One young woman lives by a river outside town with her boyfriend. They have bikes so cycle into the city for free meals during the week.
On their first visit to the bus stop meal, they are given second-hand bedding, toiletries and some clothes arranged in tidy, folded piles.
Her boyfriend carefully packs the clothes into crisp black rubbish bags, then attaches their new belongings to their bikes.
Lighting and CCTV make homeless feel safe
Mrs Carlton said many homeless relied on the central city's security cameras and lighting to keep them safe.
This group most fear today's introduction of Tauranga's new bylaw banning begging and rough sleeping within 5m of most inner-city shops.
"They need the shelter, the lighting, the CCTV cameras," Tracey Mrs Carlton said. "They need to be in the CBD where they can be connected to their community and to the social services."
Advocates fear kicking the homeless out of CBD doorways will send more people into the city's dark corners, destroying the relative solitude and safety some women have found in the city's reserves and forgotten tracts of trees.
A housing trust has announced its intention of challenging the bylaw through the High Court. An application for judicial review is expected to be lodged this month.
Last year, when the bylaw was being considered by Tauranga City Council, individuals dedicated to supporting the homeless community held a hikoi through the central city.

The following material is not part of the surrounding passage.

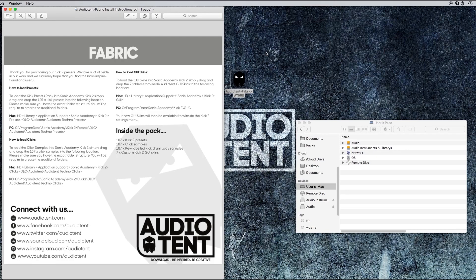How to install your Audio Tent Fabric Kick 2 Presets, Techno Clicks, and Custom Skins.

A handful of those in attendance decided to form a trust to address urgent issues for the homeless community.
Next Monday, the trust will open Āwhina House, the city's first emergency shelter for homeless women. Āwhina House will be a secure, inner-city facility focused on preparing its clients for long-term housing.
Angela Wallace Photo: Supplied / Facebook
Āwhina House general manager Angela Wallace said the trust identified that social housing was supporting women caring for children, but women alone - those not caring for children - rarely made it to the top of the list for state housing support.

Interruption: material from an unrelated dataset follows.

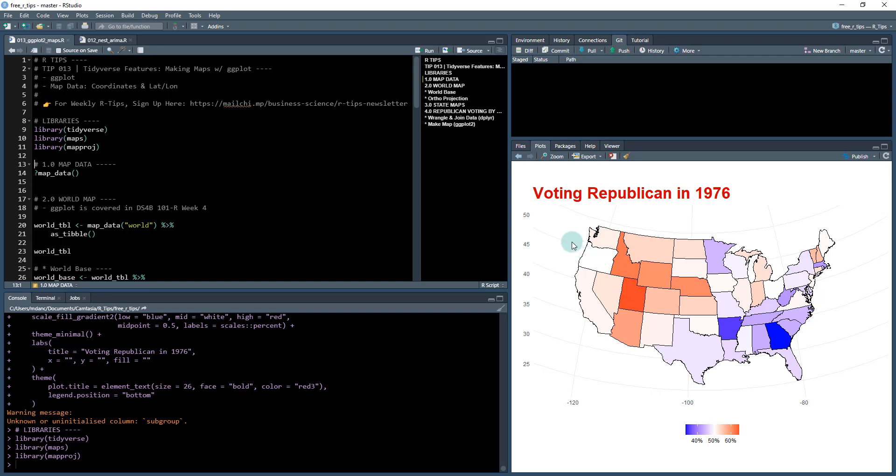And then map projection, that's needed to make sure that the projection looks correct. You see how this kind of has a curve to it. That is because we're using a coordinate system and a projection of that coordinate system.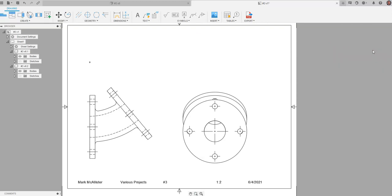So this has been a video for how to go about creating an auxiliary view on a drawing in Fusion 360.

"The women that come to Āwhina House will be single women, women alone."
Many women living alone do have children, but they have lost the ability to adequately care for them.
Part of the service offered at Āwhina House will be to transition these women into stable housing and get them back on their feet in terms of their health and job prospects, so they can start working towards caring for their children again.

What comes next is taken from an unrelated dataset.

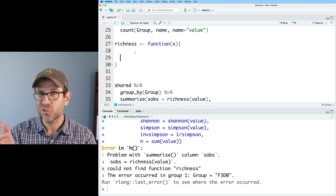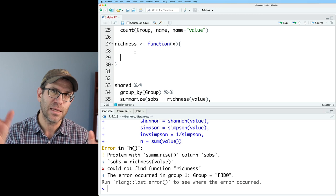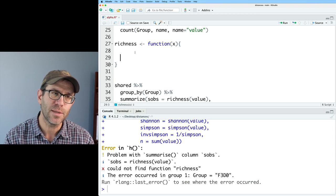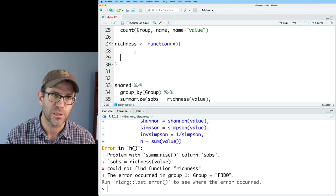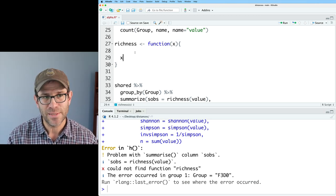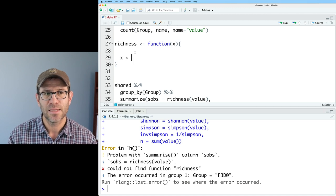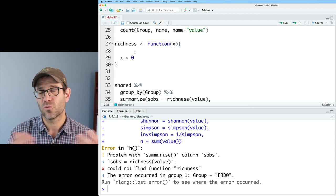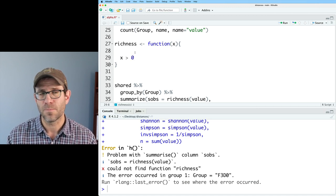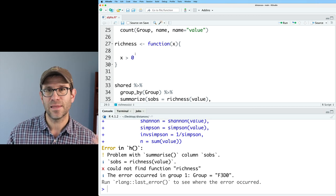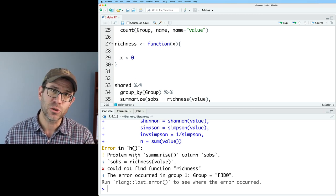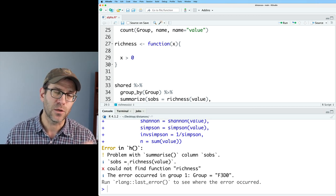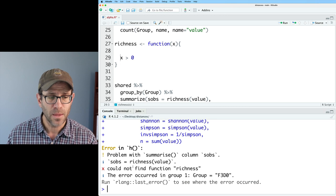And then the special sauce, as I like to call it, is what happens in between these curly braces to calculate the richness. And so the richness is going to be determined by taking x and all those values of x greater than zero. By if I take things greater than zero, I'm going to get true or false values if x is greater than zero.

Ms Wallace says Tauranga's homeless women have endured a range of tragedies.
"When you're a woman and you're homeless, you are so vulnerable... Women have been raped on the streets."
She said in order to protect themselves, some homeless women stayed awake all night, keep menacing dogs, or form sexual relationships to access accommodation.
A woman called Sacha, who has social housing at the moment, said she used to catch a bus to exclusive Omanu Beach to sleep safely in the dunes in front of multi-million dollar homes.
"I actually felt quite safe there - and of course, I was leaving before anyone knew I'd slept there."
Ms Wallace said it was difficult to estimate how many women werehomeless in Tauranga,but the shelter's 12 beds would be full as soon as they were available - and there would be a waiting list.
The shelter cost $170,000 to set up and will cost almost $500,000 a year to run.
Early funding has come from various local organisations - public and private - but there is no guarantee of adequate funding to keep the shelter open beyond this year.
Ms Wallace said it can be hard to convince businesses, the community and the public of the need to fund programmes and facilities specifically for homeless women because so few are ever seen.
Families made homeless as rents top $500
Jan Tinetti Photo: RNZ/Jeremy Rose
Labour list MP Jan Tinetti said in her time as principal of Tauranga's only Decile 1 school, she witnessed dozens of families slipping into homelessness as the houses they'd been renting were sold to Auckland-based investors.
During the 2016 housing boom, many investors chose to gentrify properties for quick resale or leave them empty rather than have tenants.
The city's continued housing shortage has created instability for many families that do not have the means to pay rents exceeding $500 for a three-bedroom property in traditionally-cheaper suburbs.
Ms Wallace says the public has a narrow definition of homelessness.
"People think of homelessness as rough sleeping but it actually goes much wider than that. Homelessness includes people who are sleeping on couches, in cars, staying with friends and whānau in overcrowded houses. It's a much wider definition."
Geraldine is now training to be a Māori warden. She has been off the streets a month, sleeping on a supportive friend's floor, but she knows that situation could change and she could be back on the streets again with little warning.
Earlier this year she slept in toilets at a local park. "I slept in the Domain toilets and got kicked in the back."
She says the basics of life are a constant struggle for homeless women. "It's hard to try and keep clean. Trying to find food to eat, somewhere nice and safe to sleep."
Clair sits on a concrete step, bag at her feet, as the homeless community and those feeding them buzz around her. She is hopeful, given Āwhina House has been established to cater for women on their own, that she might get one of the shelter's 12 coveted beds.
"All the single ladies with babies get Housing New Zealand first. That's their priority, which is fair enough. But it still leaves 60-year-olds out on the street. I'm too old for this stuff, especially with winter approaching."
Ms Wallace said: "There's this hidden homelessness that no-one really knows about. But all of these women will be able to come out of the shadows and be at Āwhina House to find safety and restoration."